[Start of Attachment]

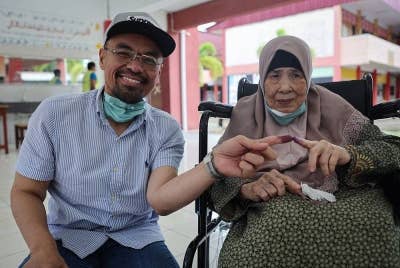 Radzi bersama ibu saudaranya Meriam Abd Rahman, 83 menunjukkan jari sebagai tanda selesai melaksanakan tanggungjawab sebagai pengundi pada PRU15 di SMK Sri Muar hari ini. - Foto Bernama.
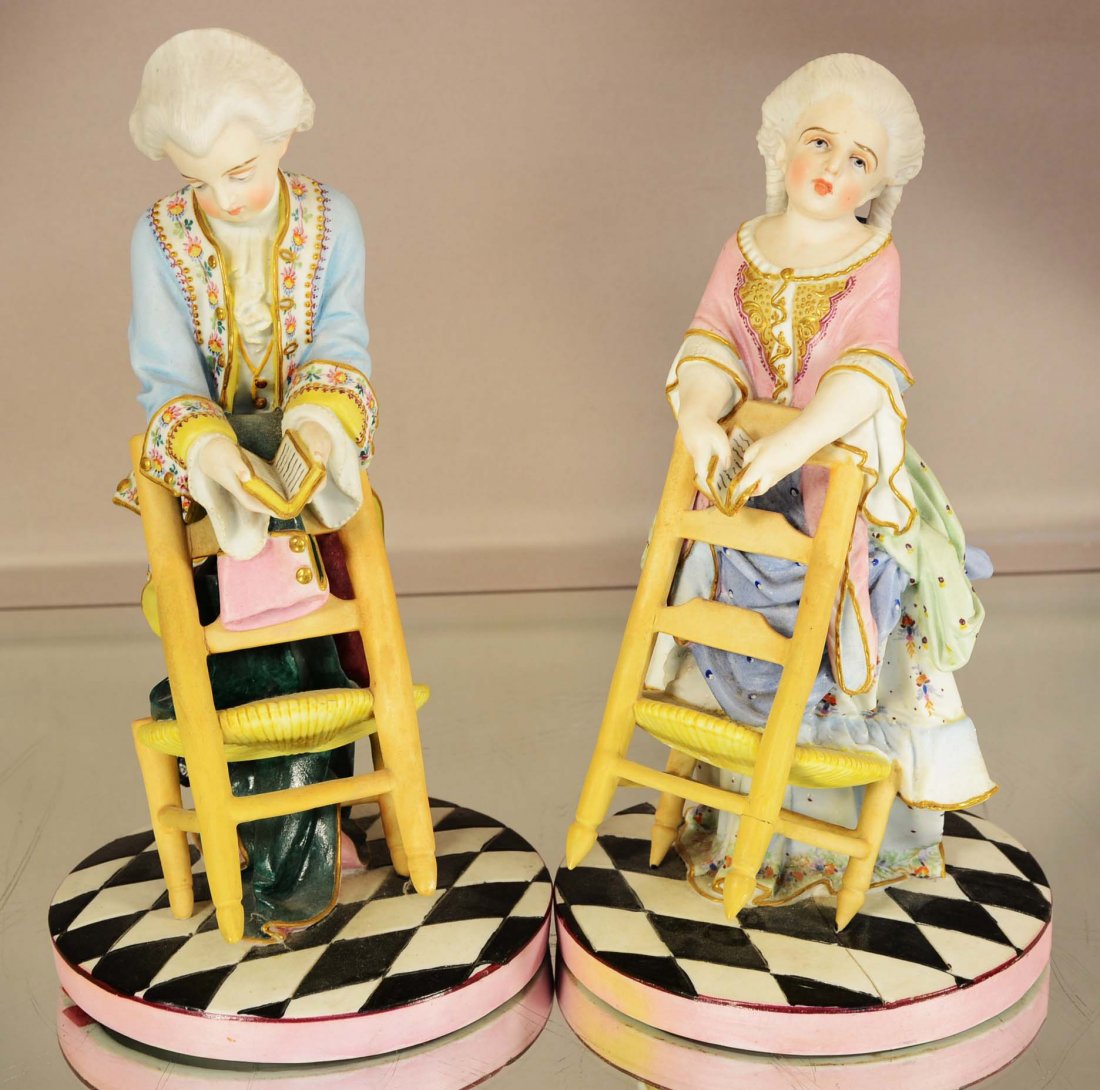 Two German porcelain figures leaning on chair (1 of 2)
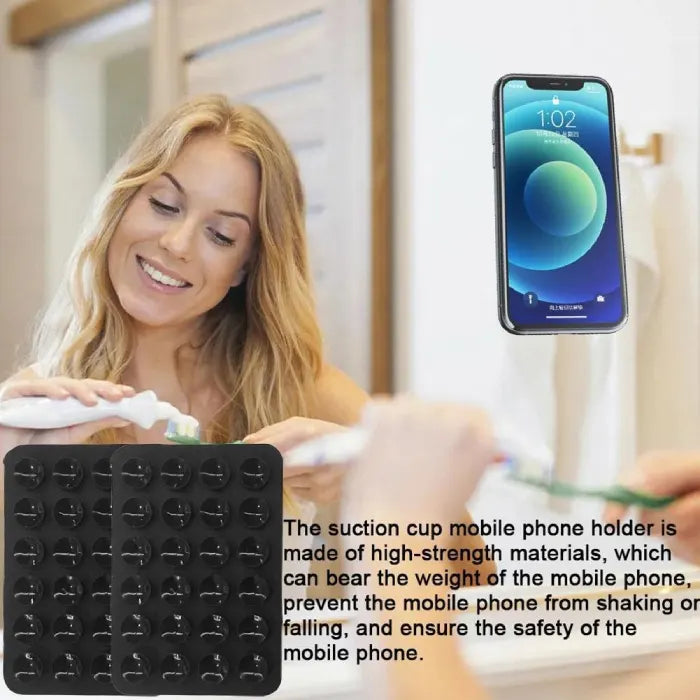 Silicone phone holder with suction cups securely supporting a smartphone in a bathroom setting for convenient hands-free viewing
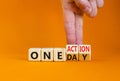 One day and action symbol. Concept words One day and One action on wooden cubes. Businessman hand. Beautiful orange table orange Royalty Free Stock Photo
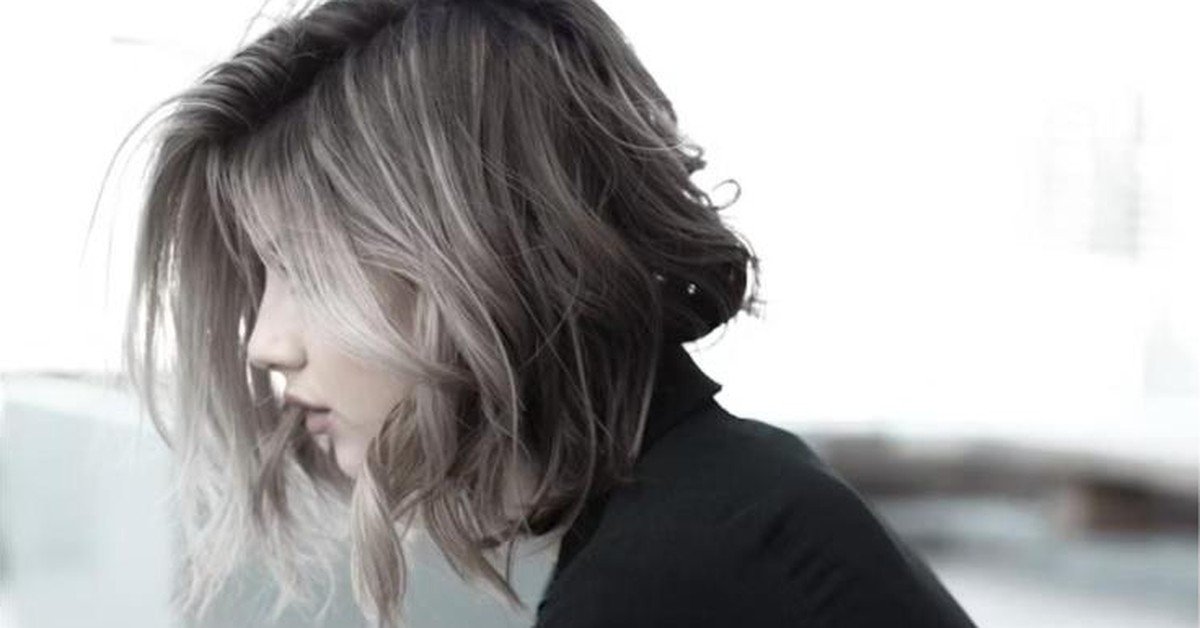 Layered gray and silver hair styled with soft waves and face-framing pieces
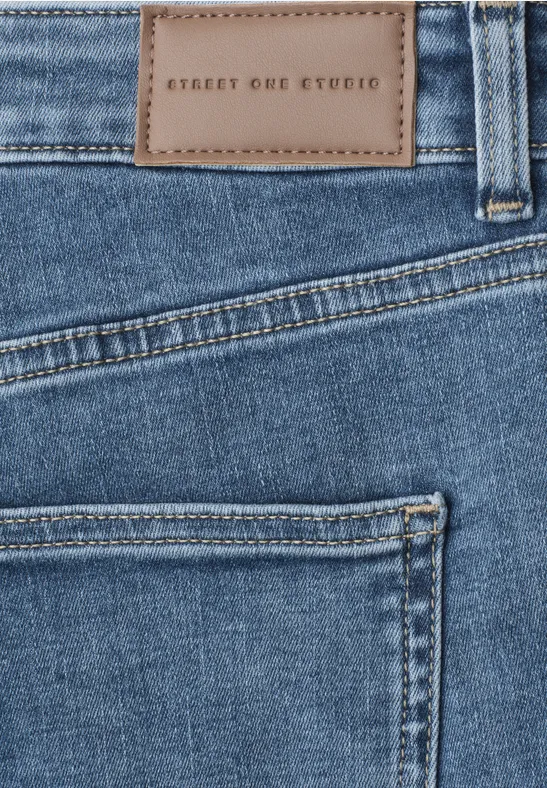 Nahaufnahme einer blauen Jeans mit aufgestickter Lederpatch 'STREET ONE STUDIO' über der Gesäßtasche.
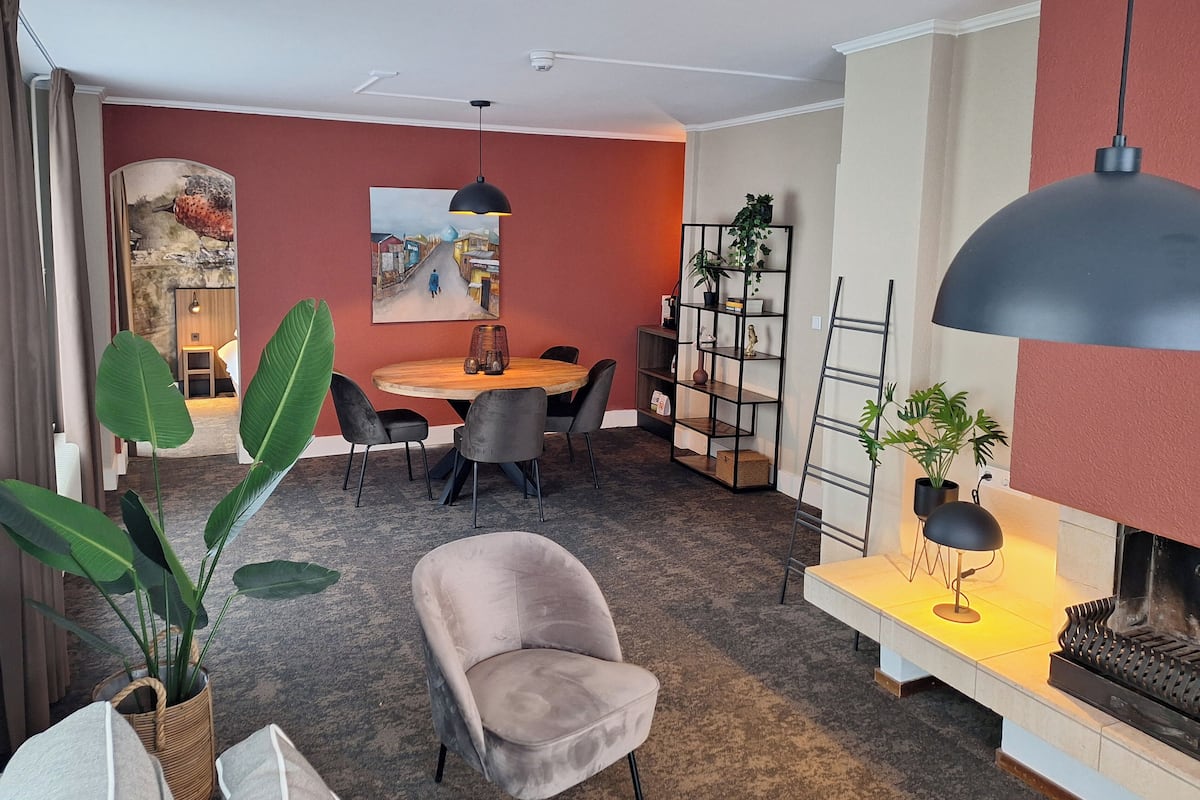 Ein modernes Wohnzimmer mit einem runden Holztisch, grauen Stühlen, einer schwarzen Pendelleuchte, einem Bücherregal und einem Kamin.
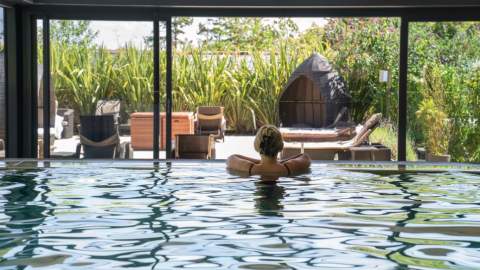 A person relaxes in an indoor pool, facing large glass doors that reveal a lush garden with wicker furniture and greenery, creating a tranquil atmosphere.
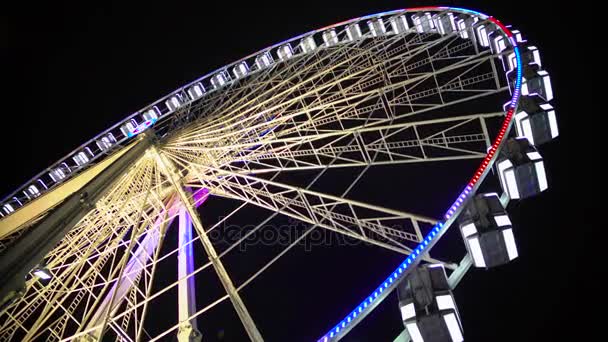 Riesenrad im Freizeitpark, bunt beleuchtete Konstruktion bewegt sich langsam — Stockvideo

[End of Attachment]

INSTRUCTIONS TO FOLLOW :: If any image appears in the entries, omit it and return the rest verbatim.

YOUR RESPONSE ::
 Radzi bersama ibu saudaranya Meriam Abd Rahman, 83 menunjukkan jari sebagai tanda selesai melaksanakan tanggungjawab sebagai pengundi pada PRU15 di SMK Sri Muar hari ini. - Foto Bernama.
 Two German porcelain figures leaning on chair (1 of 2)
 Silicone phone holder with suction cups securely supporting a smartphone in a bathroom setting for convenient hands-free viewing
 One day and action symbol. Concept words One day and One action on wooden cubes. Businessman hand. Beautiful orange table orange Royalty Free Stock Photo
 Layered gray and silver hair styled with soft waves and face-framing pieces
 Nahaufnahme einer blauen Jeans mit aufgestickter Lederpatch 'STREET ONE STUDIO' über der Gesäßtasche.
 Ein modernes Wohnzimmer mit einem runden Holztisch, grauen Stühlen, einer schwarzen Pendelleuchte, einem Bücherregal und einem Kamin.
 A person relaxes in an indoor pool, facing large glass doors that reveal a lush garden with wicker furniture and greenery, creating a tranquil atmosphere.
 Riesenrad im Freizeitpark, bunt beleuchtete Konstruktion bewegt sich langsam — Stockvideo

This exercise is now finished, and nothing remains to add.